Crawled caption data
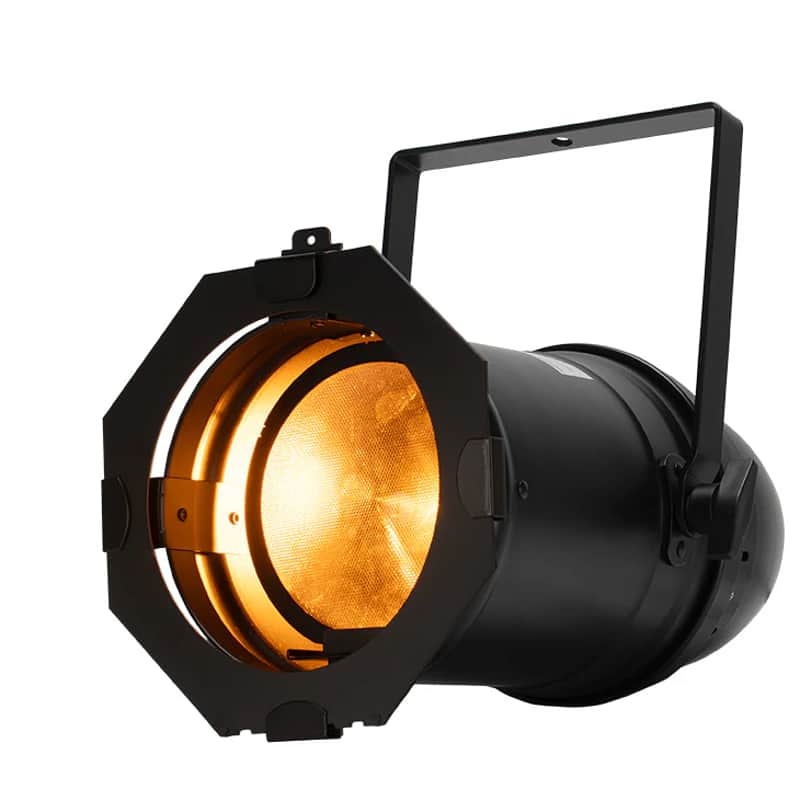 American DJ PAR155 Par Z150 RGBA;150W RGBA Par With Wired Digital communication Network image 1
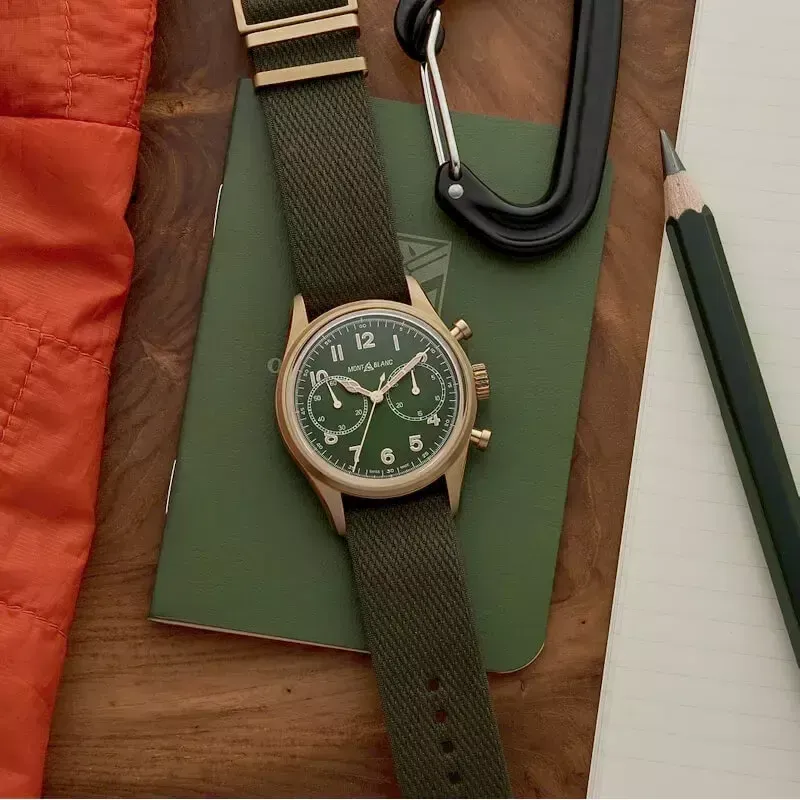 Montblanc 1858 Geosphere Limited Edition - 1858 pieces 119908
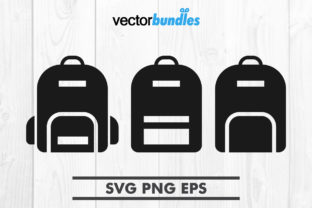 School Bag Clip Art for Crafts and Graphics: A Designer’s Perspective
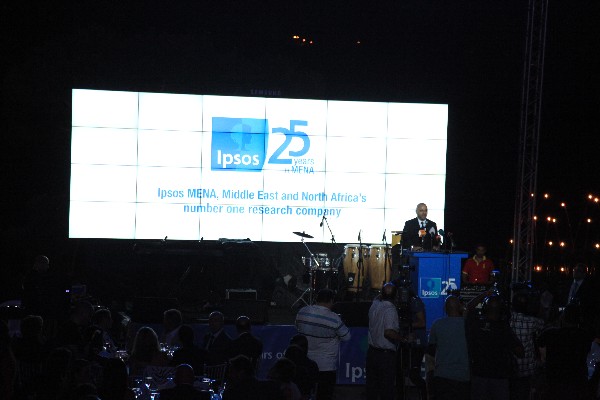 Ipsos 25 Year Anniversary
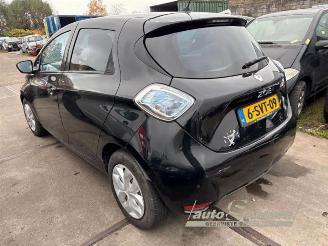 Renault Zoé Zoe (AG), Hatchback 5-drs, 2012 46kW picture 7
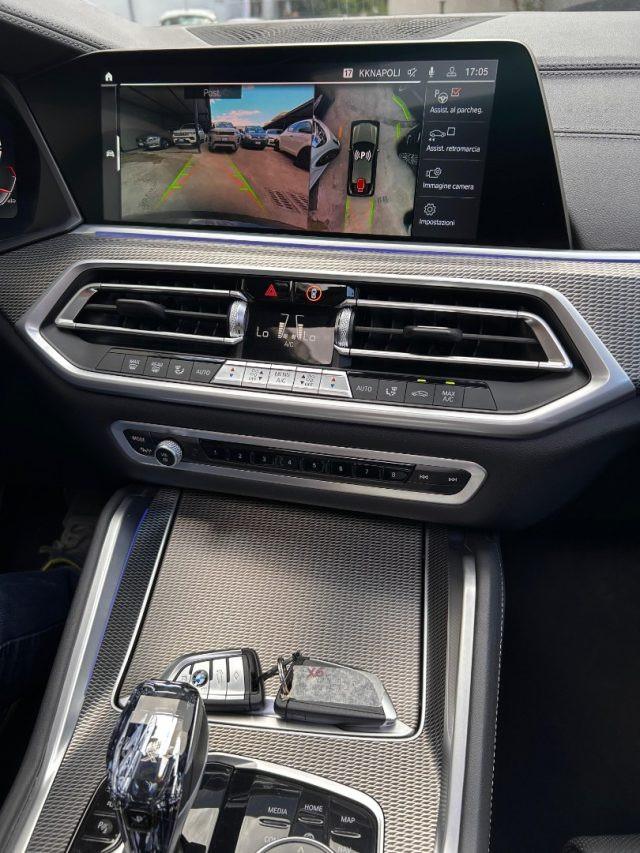 BMW X6 xDrive40d 48V Msport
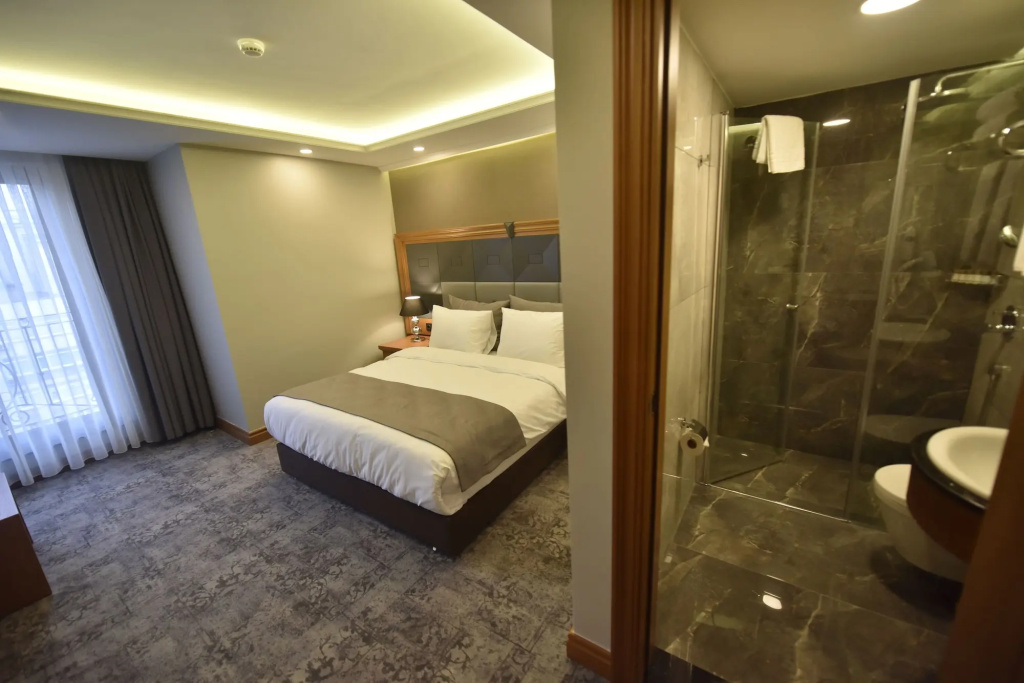 Отель Four Seven Hotel в Стамбуле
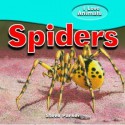 Spiders (I Love Animals) - Steve Parker, Richard Draper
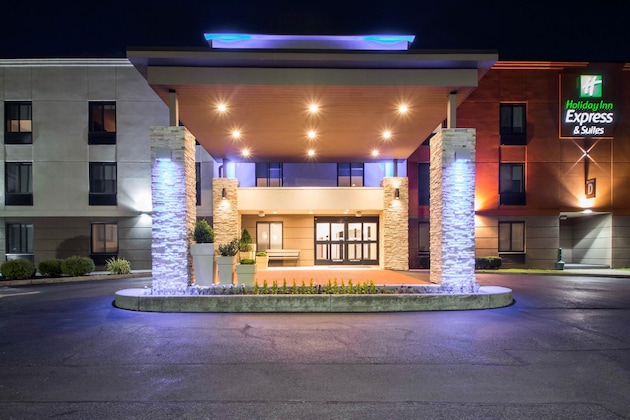 Gallery - Holiday Inn Express And Suites Albany Airport- Wolf Road By Ihg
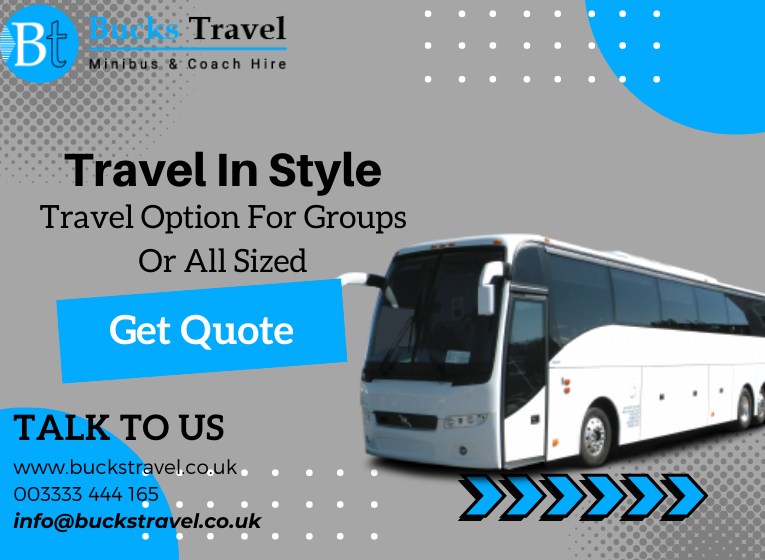 What is the Cost of a Minibus Rental in London? – Bucks Travel
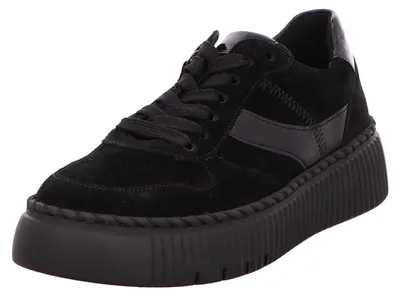 Produktbild von Gabor Damen Sneaker Low 53685-5, 53685-5.5, 53685-6, 53685-6.5, 53685-7, 53685-7.5, 53685-8, 53685-8.5, 53685-9 GAB-6014-02 schwarz 5.5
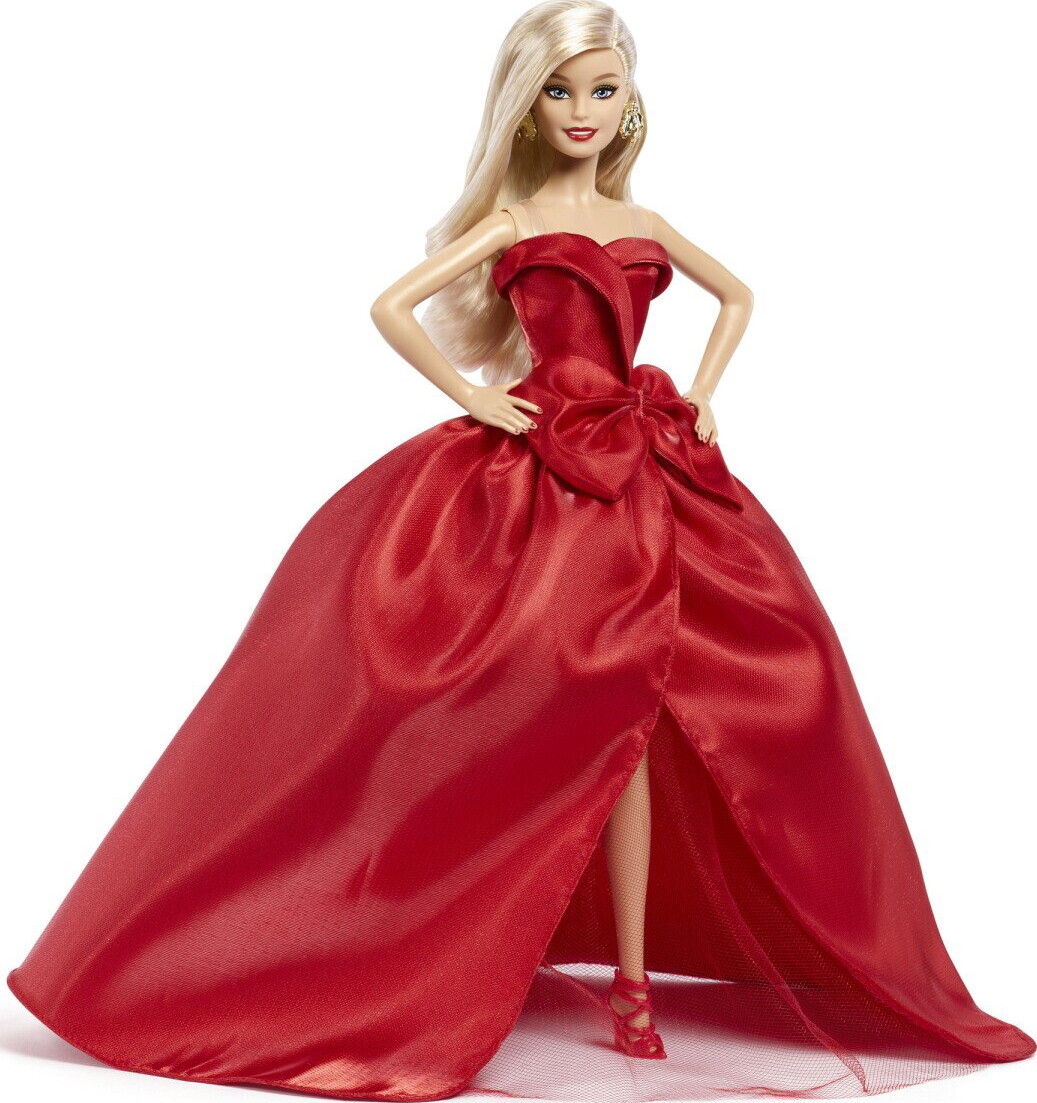 Barbie - Holiday Dukke 2026
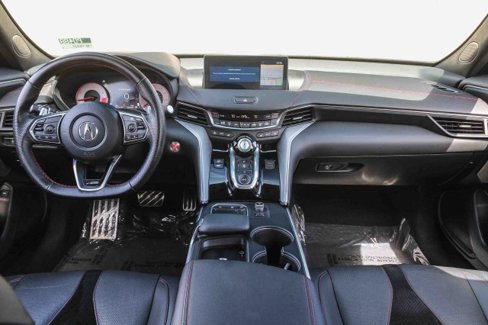 Used 2022 Acura TLX w/ A-SPEC Pkg image 12
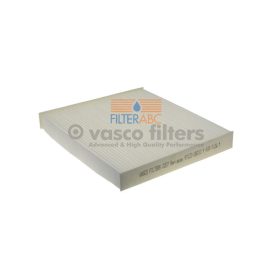 VASCO FILTERS O207 pollenszűrő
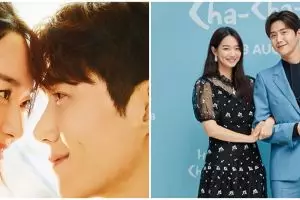 7 Fakta drama Korea Hometown Cha-Cha-Cha, Shin Min-a jadi dokter gigi
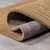 Rjava ročno tkana volnena preproga 160x230 cm Gatsby – Flair Rugs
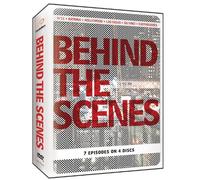 Behind the Scenes [DVD] [Region 1] [US Import] [NTSC]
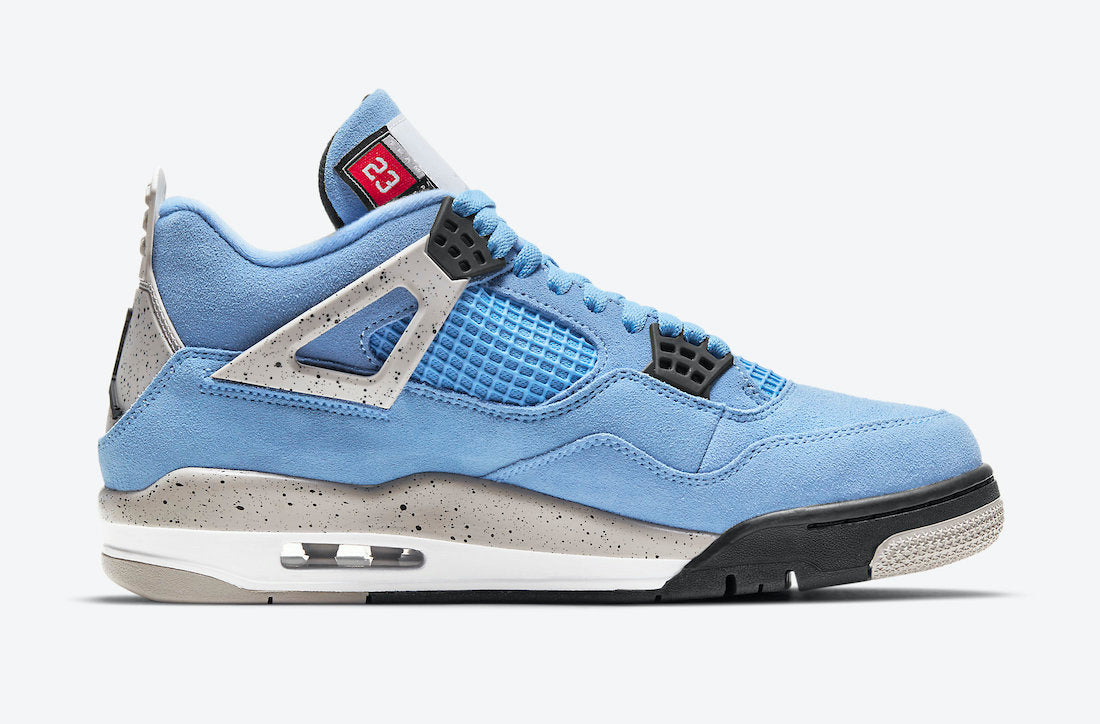 Air Jordan 4 “University Blue”CT8527-400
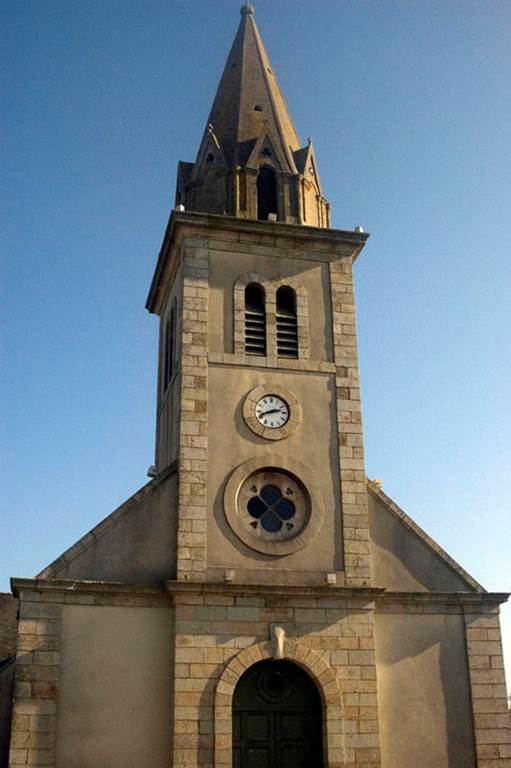 Eglise Saint Pierre et Saint Paul de Bangor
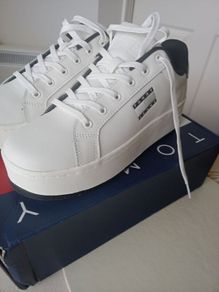 womens trainers Tommy Jeans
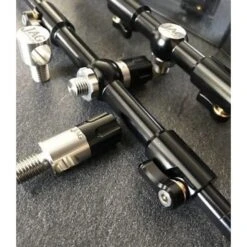 JAG Products Prolite Black 2 Plus 1 Adjustable Rear -Sonik Store 2plus1 black 3 team outdoors 550x550h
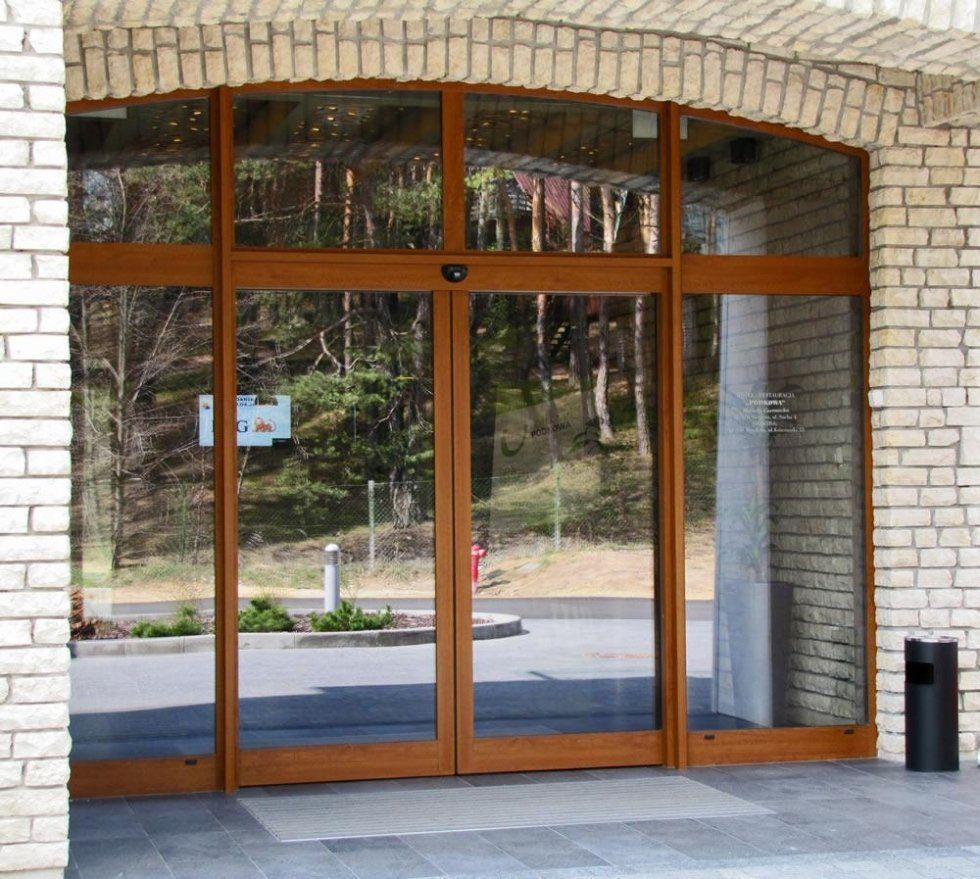 Ingresso ad arco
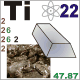 MG: titanium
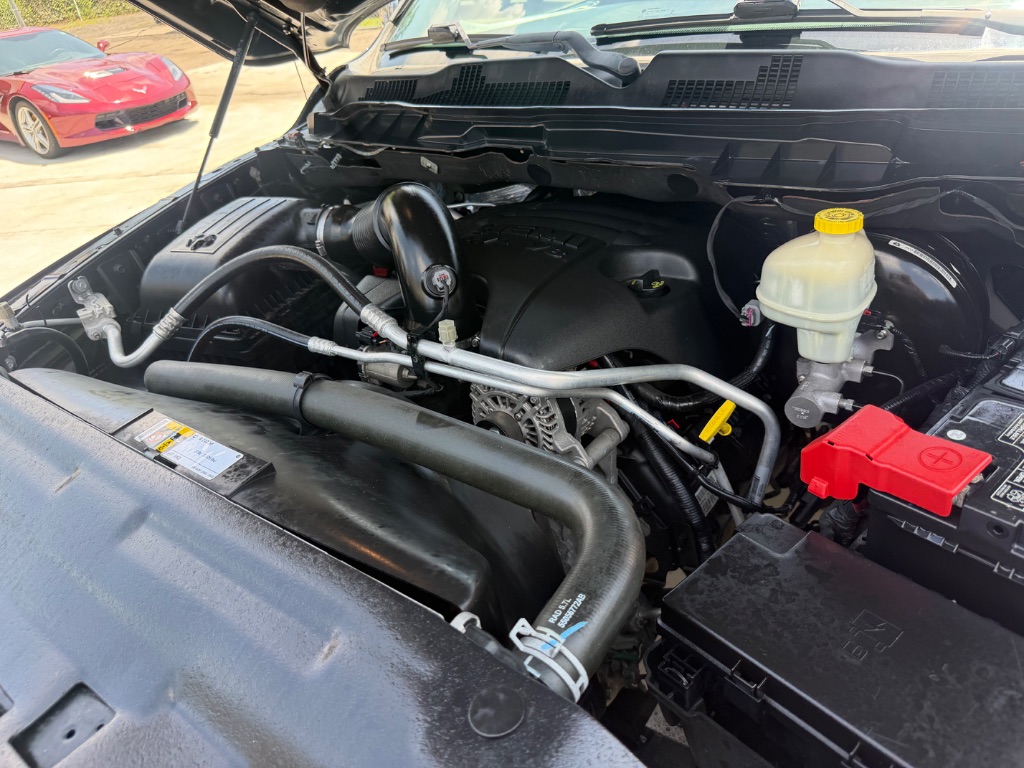 2016 Ram 1500 - $20,990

### Task prompt
Without the pictures, set down the lines above from the line with "Montblanc 1858 Geosphere" up to and including the line with "Gallery - Holiday" exactly as they stand.

### Result for this exercise
 Montblanc 1858 Geosphere Limited Edition - 1858 pieces 119908
 School Bag Clip Art for Crafts and Graphics: A Designer’s Perspective
 Ipsos 25 Year Anniversary
 Renault Zoé Zoe (AG), Hatchback 5-drs, 2012 46kW picture 7
 BMW X6 xDrive40d 48V Msport
 Отель Four Seven Hotel в Стамбуле
 Spiders (I Love Animals) - Steve Parker, Richard Draper
 Gallery - Holiday Inn Express And Suites Albany Airport- Wolf Road By Ihg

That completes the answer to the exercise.